⟨
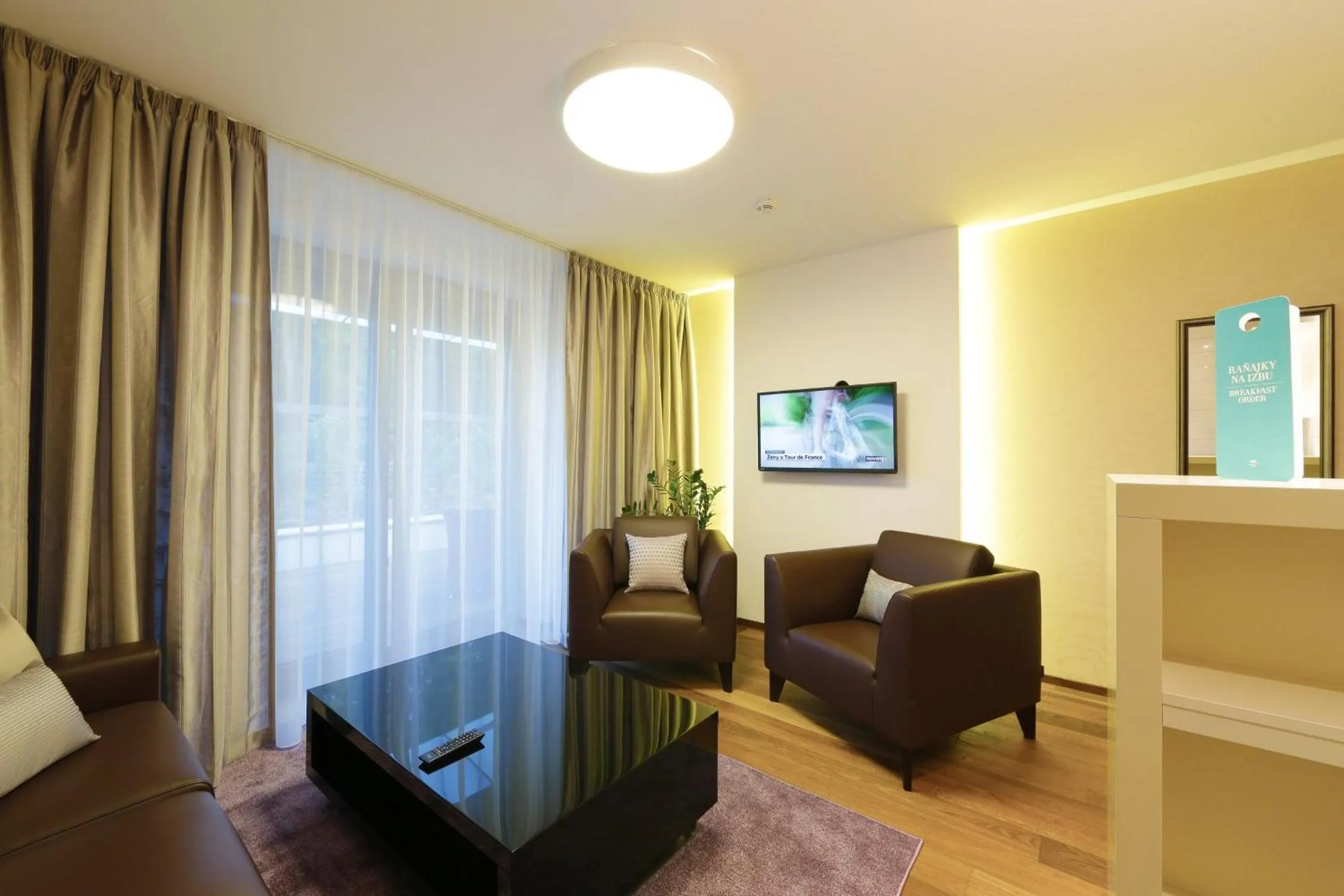 Living room in Hotel Zelená Lagúna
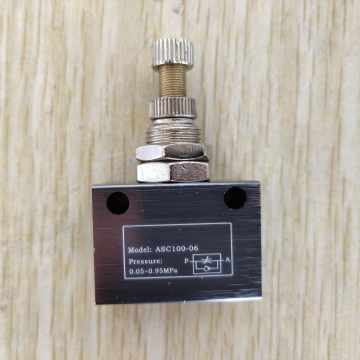 Injap Kawalan Aliran Pneumatik - Siri ASC (ASC100, ASC200, ASC300)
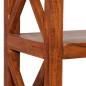 vidaXL Bücherregal Massivholz mit Honigfarbenem Finish 60x30x160 cm vidaXL Bücherregal Massivholz mit Honigfarbenem Finish 60x30x160 cm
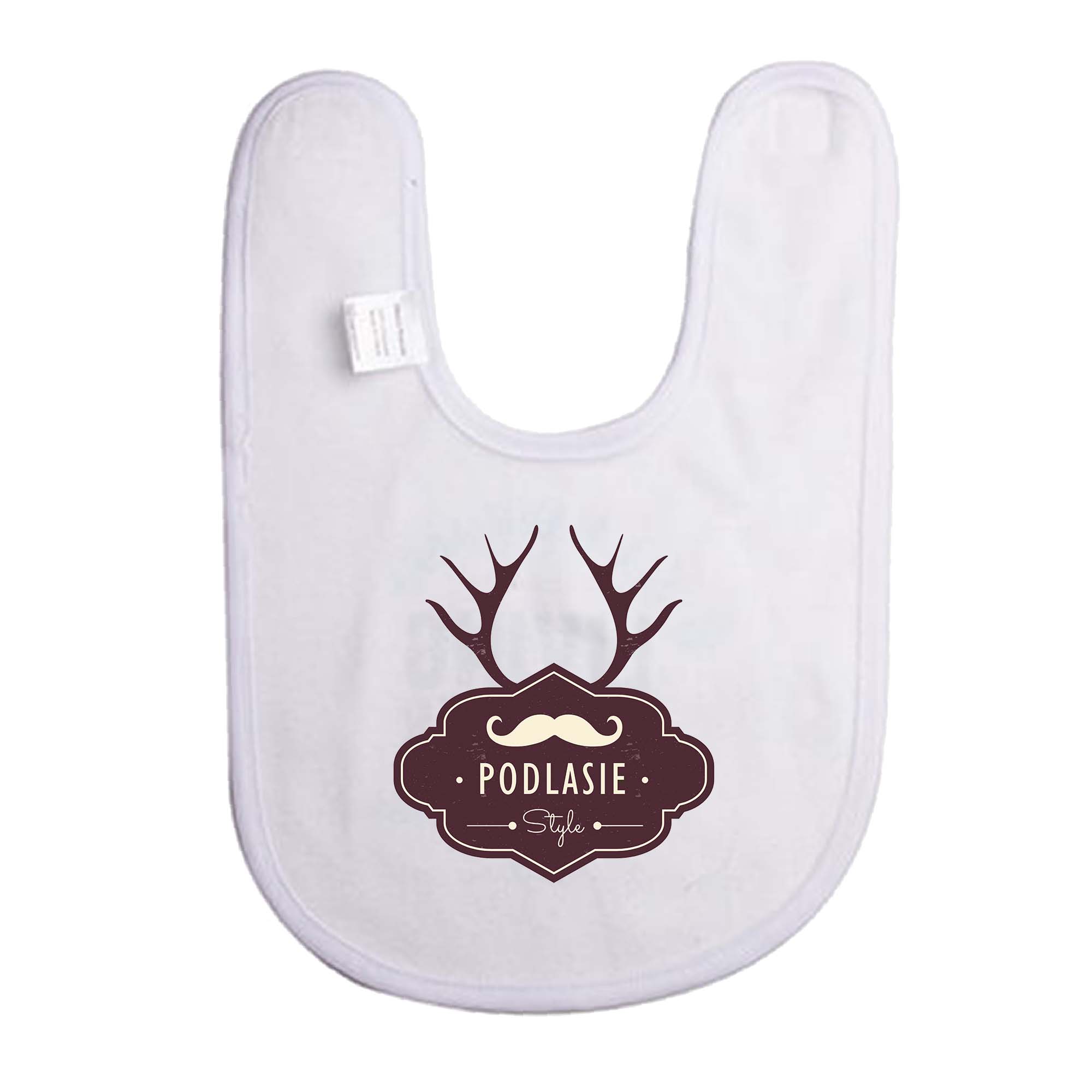 Śliniak dziecięcy Styl z Podlasia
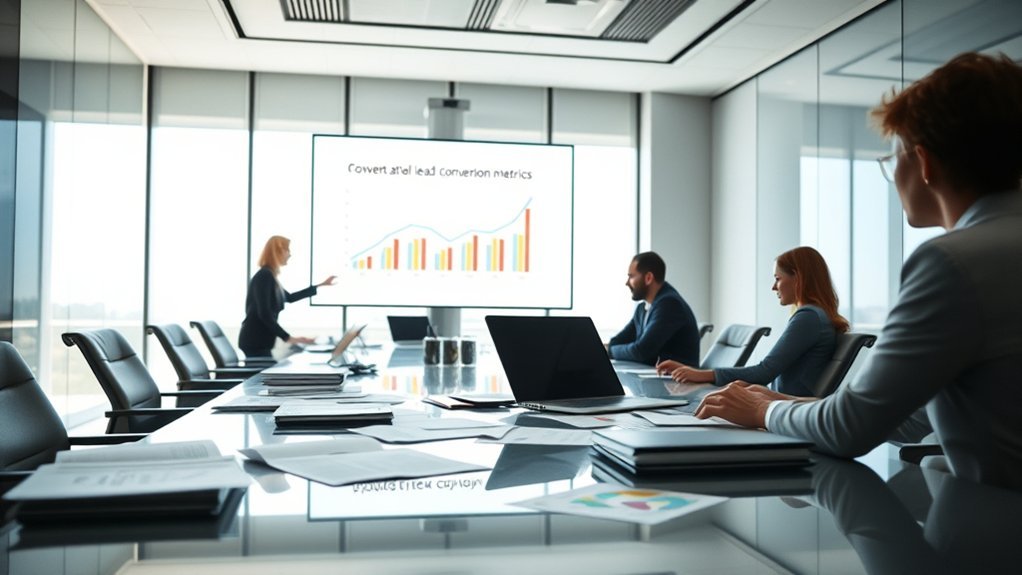 lead conversion metrics tracking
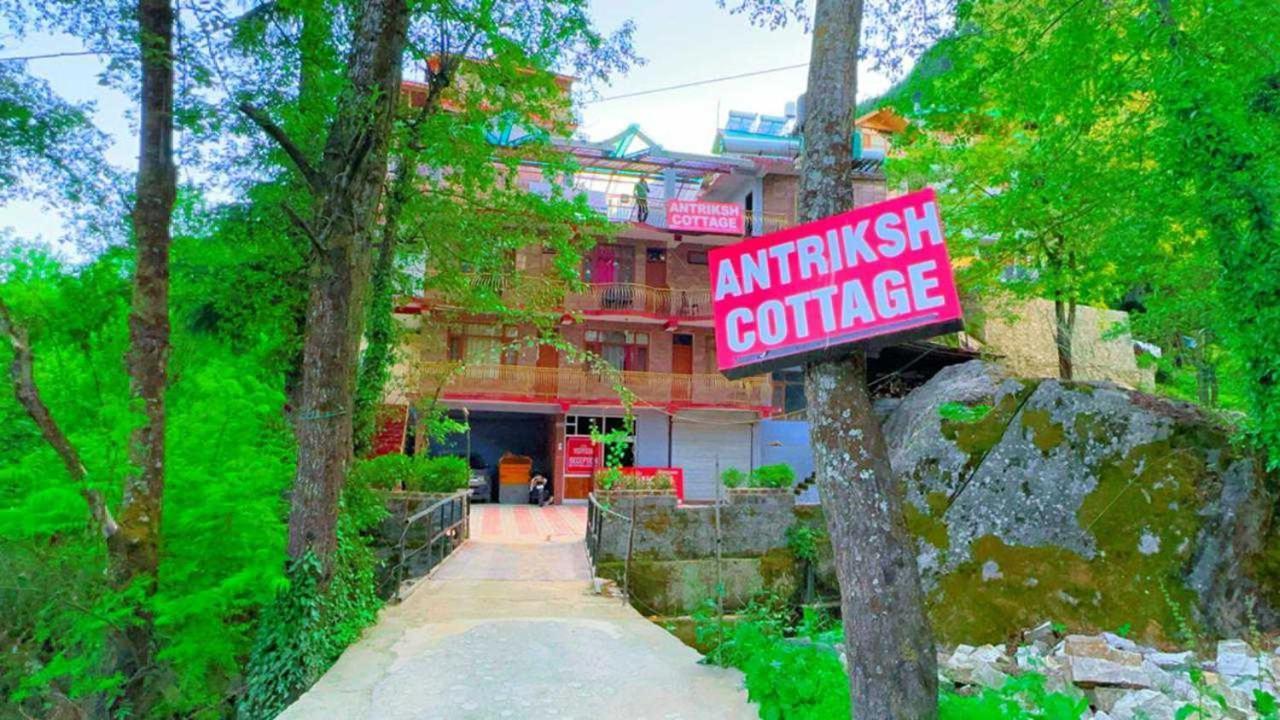 Hotel O Antriksh Cottage Manāli Dış mekan fotoğraf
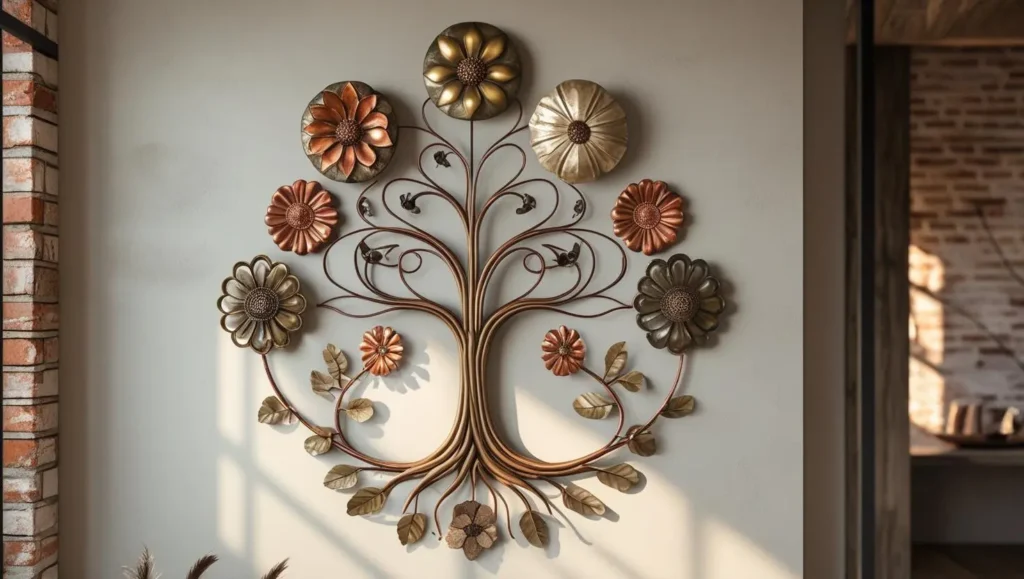 Antique Metal Wall Art Best Ideas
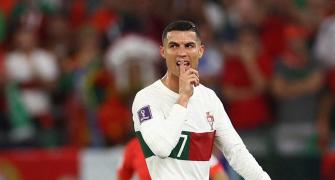 Ronaldo benched for Portugal's last-16 tie vs Swiss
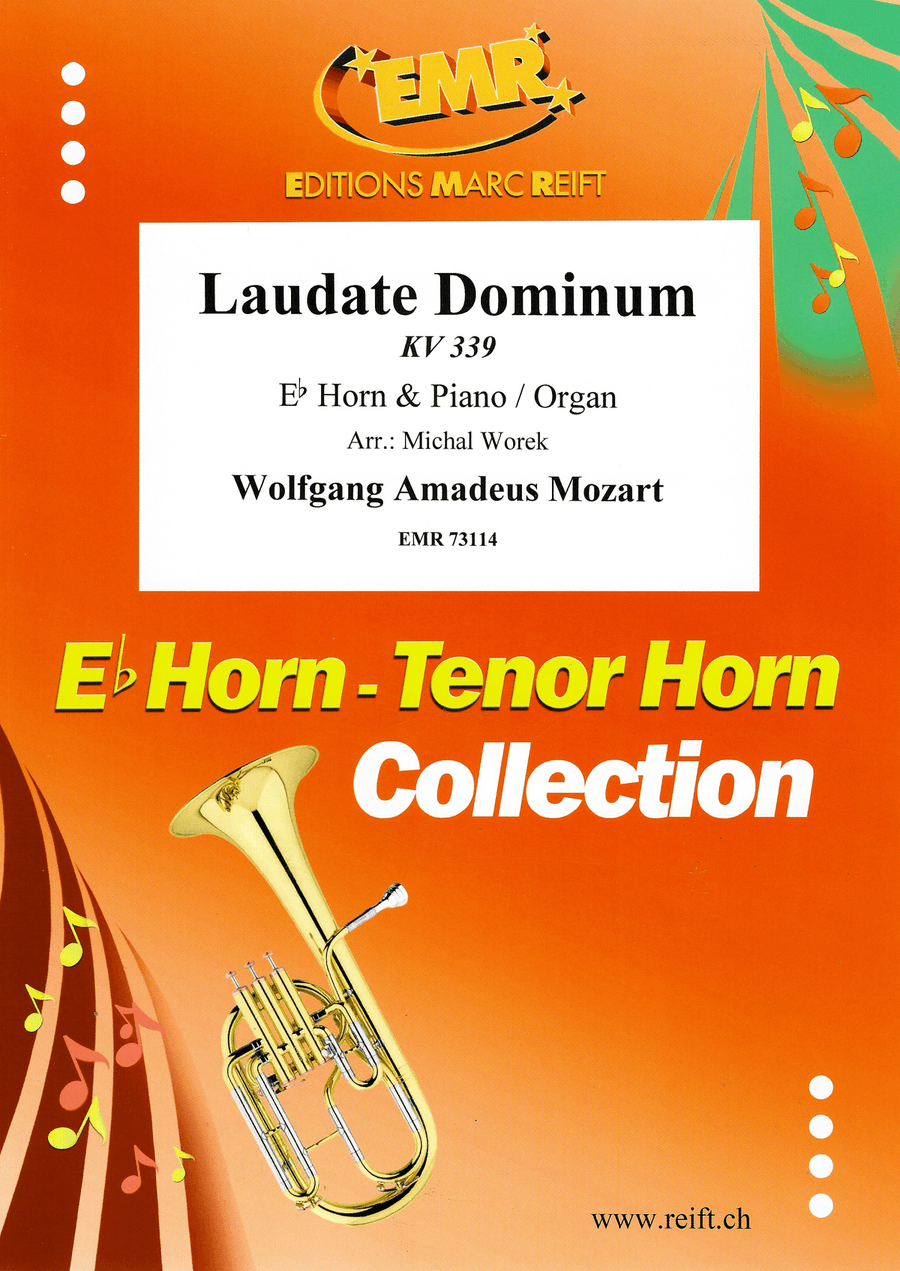 Laudate Dominum Laudate Dominum Horn scores gallery preview page 1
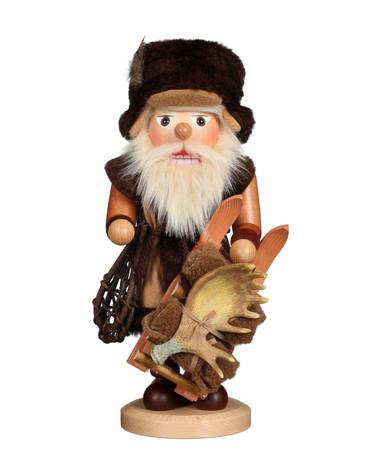 0-773 Trapper Christian Ulbricht Nutcracker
⟩
Hand back the data above exactly, leaving out all pictures.

 Living room in Hotel Zelená Lagúna
 Injap Kawalan Aliran Pneumatik - Siri ASC (ASC100, ASC200, ASC300)
 vidaXL Bücherregal Massivholz mit Honigfarbenem Finish 60x30x160 cm vidaXL Bücherregal Massivholz mit Honigfarbenem Finish 60x30x160 cm
 Śliniak dziecięcy Styl z Podlasia
 lead conversion metrics tracking
 Hotel O Antriksh Cottage Manāli Dış mekan fotoğraf
 Antique Metal Wall Art Best Ideas
 Ronaldo benched for Portugal's last-16 tie vs Swiss
 Laudate Dominum Laudate Dominum Horn scores gallery preview page 1
 0-773 Trapper Christian Ulbricht Nutcracker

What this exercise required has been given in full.